Edwards's roots may fall short

MORRISON, Tenn. -- Stopping at an isolated diner here amid central Tennessee's rolling hills, presidential candidate Senator John Edwards held a closed-door session with employees from a local air-conditioner factory that has been slated to shut down. For the dozen workers, it was a first: None had ever met a presidential candidate, not to mention discussed trade policy with one.

Nevertheless, plant worker Terry Motley, 53, came away unconvinced: "I'm leaning toward Kerry. I want Bush out any way I can."

With Senator John F. Kerry of Massachusetts increasingly appearing the likely Democratic nominee, even here in the South, both Edwards and retired Army General Wesley K. Clark face critical Southern primary votes in Tennessee and Virginia today. Losses to Kerry could undercut arguments that only a Southerner is a viable Democrat below the Mason-Dixon Line.

Polls released yesterday showed the North Carolina lawmaker trailing Kerry by sizable margins in Tennessee and Virginia, with Clark close on his heels in Tennessee and farther behind in Virginia. Edwards seeks to outlast Clark until only he and Kerry remain. But asked if he believed he had to beat Clark today, he told reporters, "You guys decide that stuff, not me."

Clark, too, worked for votes in Tennessee yesterday, continuing to stress his Southern roots and pepper his speeches with folksy language. He told voters in Memphis: "I grew up in the South. I went to Baptist church . . . I can quote Scriptures. I can preach."

Clark focused on his less-than- privileged upbringing as something that sets him apart from some of his rivals. Talking to reporters in Memphis, he noted that voters wonder "what are the candidates like. . . . How did they grow up, and therefore, how are they likely to respond."

Reporters asked him about some of his earlier statements, pointing out that he had said many married women stayed at home after World War II and relied on their husbands as wage earners. Clark said there are "a lot of reasons why wives are out working right now," adding that most jobs don't pay enough for there to be only one wage earner in the family.

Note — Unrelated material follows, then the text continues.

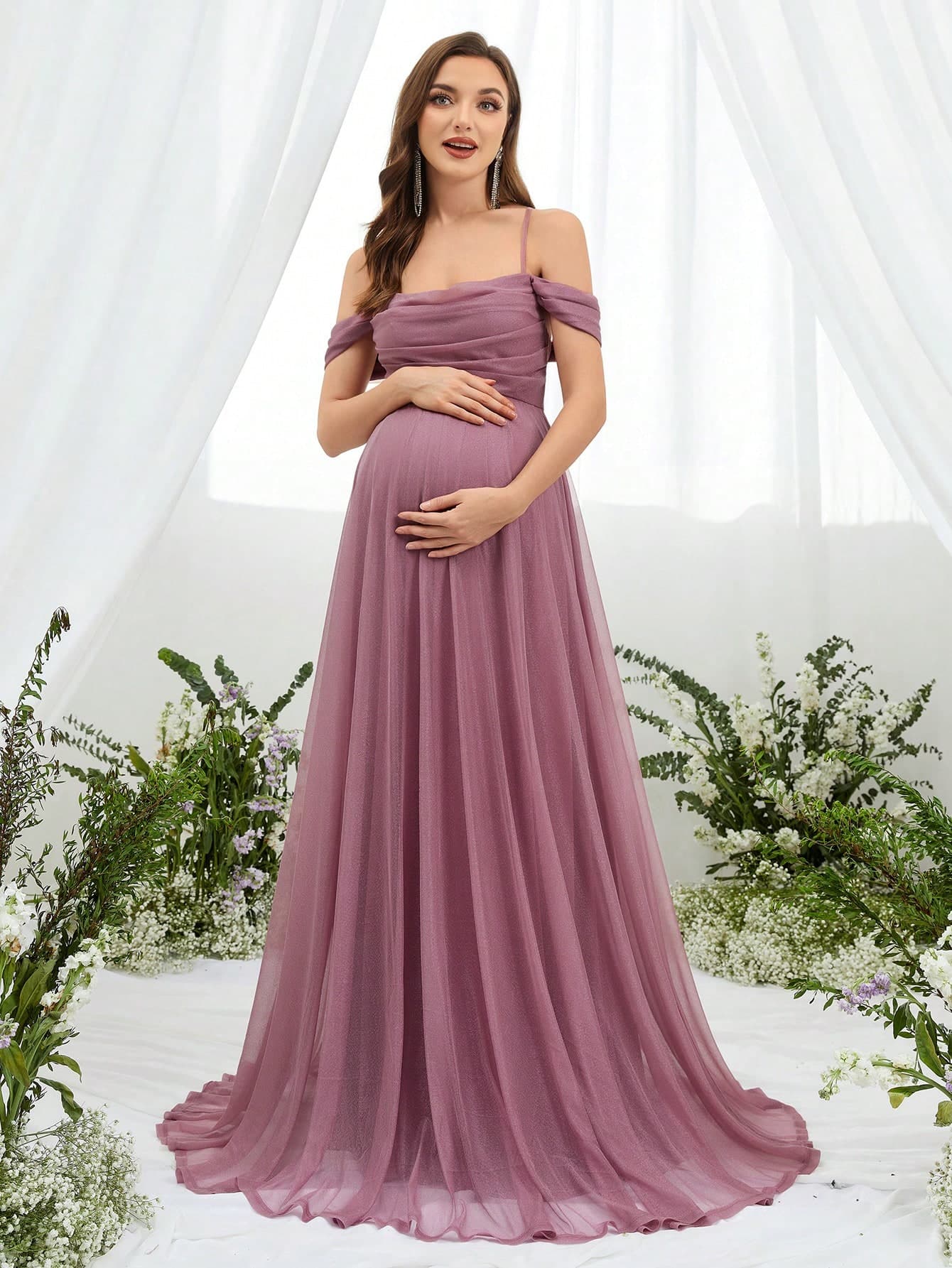 Faeriesty Elegant Knitted Fabric Maternity Gown With Spaghetti Strap And Backless Ruched Details For Photoshoots Long Flared Hem Dress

And he said families spend "on average 22 hours a week less time with their children" when both spouses are working.

In Memphis, an event held at B.B. King's blues restaurant on Beale Street was filled with a few hundred enthusiastic supporters and a few undecided voters. Joan Vitale, 54, an Alabama native who has lived in Memphis for more than a decade, said she was deciding between Clark and Edwards, in large part because "they're both Southerners."

Vitale said she used to joke to her husband that she planned to vote for Edwards, "the good-looking one."

"But you know, Clark ain't bad-looking himself," she said with a laugh.

Edwards, too, campaigned at a restaurant, stopping at the Prater BBQ restaurant in Morrison, around the corner from the Carrier Corp. air-conditioner plant, which is closing. The stop gave Edwards a forum tailor-made for his populist message -- although interviews afterward with locals made clear that even the working-class constituency he is targeting harbors doubts about his viability against President Bush.

Last week, the Carrier plant's 1,300 workers were told the company would soon send production to facilities with nonunion workers in North Carolina and Texas, and to Mexico. For more than three decades, the plant has been the economic hub of this hardscrabble community.

After spending 10 minutes privately talking to workers and local union members, Edwards mentioned his own youth, spent amid the beleaguered textile mill industry in which his father worked. As in South Carolina, where he won a decisive victory, Edwards has been making liberal use of his biography to woo voters here.

"I see in the eyes of these families, what they're going through, what I have seen before," he said.

But afterward, Monte Casto, 34, of nearby Murfreesboro, Tenn., was not convinced Edwards could beat Bush.

"I think he's a little young. He doesn't have the experience," he said.

Longtime Carrier Corp. employee Rebecca Woods disagreed: "If he's elected, he'll fix NAFTA. He seems to care for us personally."